My ECR pull worked yesterday and fails today. +

Almost certainly an expired ECR token. Manual `kubectl create secret docker-registry` produces a 12-hour token. Rotate with a CronJob that runs `aws ecr get-login-password` and re-creates the secret, or migrate to IRSA (EKS) which gives pods AWS credentials directly with no secret to expire.

Why does the same image work on one node but ImagePullBackOff on another? +

Two likely causes: (1) the failing node is a different architecture (arm64 vs amd64) and the image is single-arch. (2) the failing node is in a different VPC/subnet with restricted egress to the registry. Run `kubectl get nodes -o wide` to see node OS/architecture; run a debug pod on the failing node and try the pull manually.

Is `imagePullPolicy: Always` causing my problem? +

It can amplify it — `Always` means the kubelet pulls from the registry every restart, multiplying your registry traffic and exposing every transient registry error. Use `IfNotPresent` for production with immutable tags (or specific SHA digests) and `Always` only when you must use mutable tags like `:latest`.

Can I retry a failed image pull manually? +

Delete the pod — the deployment/replicaset recreates it and the kubelet retries the pull. `kubectl delete pod <pod>` is the standard way. For a deployment that's still ImagePullBackOff, fix the underlying issue (image name, secret) first; retrying without a fix just hits the same error.

My image is in Docker Hub and public. Why am I getting unauthorized? +

Docker Hub returns `unauthorized` (not `toomanyrequests`) when anonymous pull rate-limits are hit on busy clusters — it's a slightly misleading error string. Authenticate (even on a free account) to confirm; if the same image pulls fine while authenticated, the rate-limit was the cause. Long-term fix is mirroring or paid Docker Hub.

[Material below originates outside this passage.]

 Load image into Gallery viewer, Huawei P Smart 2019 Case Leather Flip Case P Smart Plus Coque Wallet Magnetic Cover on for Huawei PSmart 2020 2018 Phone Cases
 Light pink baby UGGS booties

How do I make sure imagePullSecrets are picked up? +

The secret must exist in the same namespace as the pod, and it must be referenced either on the pod spec (`imagePullSecrets:`) or on the pod's ServiceAccount. ServiceAccount-level is preferable — every pod using that SA inherits it. Common bug: secret created in `default` namespace but pod runs in `production` — secrets aren't cross-namespace.

When to escalate to Kubernetes support

Escalate to your cluster admin or cloud team if (a) ImagePullBackOff is happening only from one node pool (network/egress issue), (b) the registry returns 5xx errors persistently (registry-side outage), or (c) your IRSA/Workload Identity is configured but pods still get unauthorized (IAM trust policy mismatch). For the registry itself: open a ticket with the registry vendor including the failing image reference and a packet capture if possible.